Thanks in no small part to the WWE Network, NXT has become hugely popular with wrestling fans. A lot of this has to do with the simplicity of it’s offering. With more focus on in-ring work than on heel authority figures and length promos, NXT has told a simple and relatively old school story. And the fans have lapped it up.
A chance to see the next generation of talent compete without the pressures associated with performing weekly on Raw, has resulted in a stellar show on a weekly basis and the frequent specials have added even more buzz to NXT.
The additions of hot newcomers like Balor, Asuka and Crews undoubtedly grabbed the headlines but it is the signings of old hands like Joe, Storm and ECW & WWE alumni Rhyno that will help those they work with become the superstars the WWE needs them to become.
Take Storm, a former TNA world champion with two decade’s of experience in the ring, and have him working with the new and less experienced performers will be great for their development.
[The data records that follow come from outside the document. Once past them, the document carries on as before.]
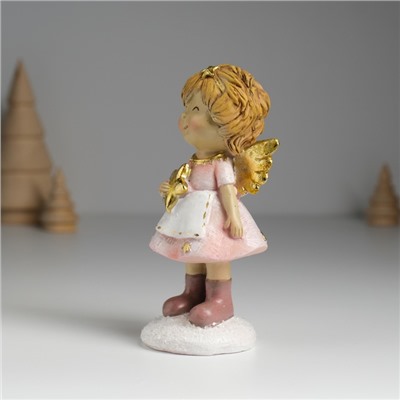 Фигурка полистоун «Ангелочек в розовом платье и белом фартуке», 6.5×5×12.5 см, МИКС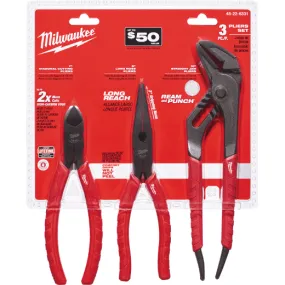 Milwaukee 48-22-6331 Comfort Grip Pliers Kit - 3 PC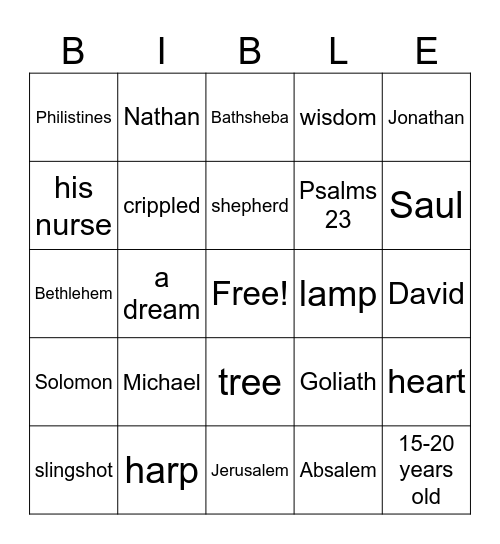 The First 3 Kings of Israel Bingo Card
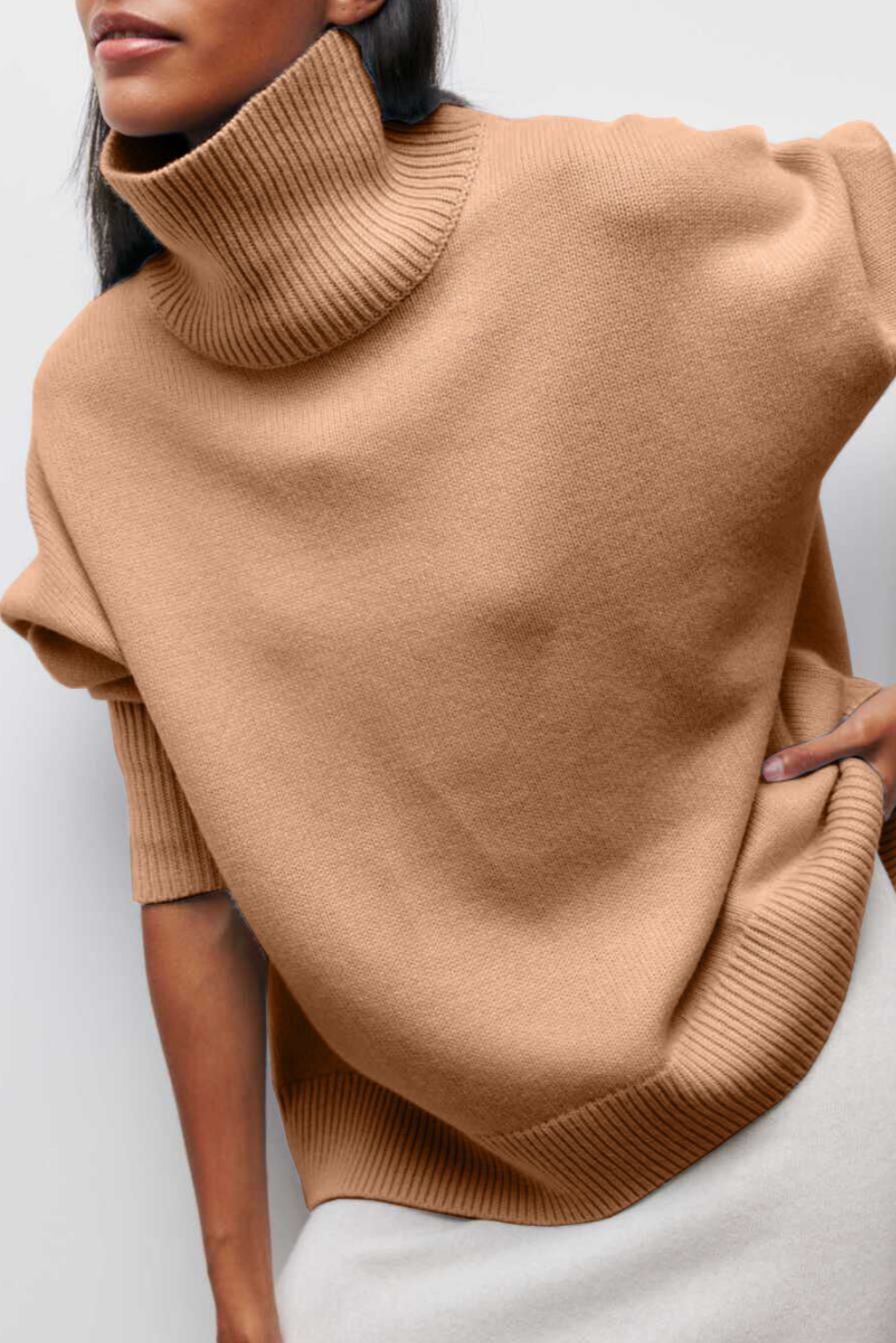 Alma Oversized Sweater Featuring a Luxurious High Collar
It’s the best way for the new talent to hear stories from the world of wrestling while working with top quality superstars.
There is little doubt that the way Triple H has ran NXT gives us wrestling fans of a more old school mentality a great deal of hope for the future when he takes over the reigns of the main roster from his father-in-law Vince McMahon. You never know how it will pan out when Triple H gets control but everything so far indicates it should be different, it’s just about how different it is.
In the meantime, we get to see some of the brightest young talent and indie darlings compete in one place every Wednesday and I, for one, am grateful for that.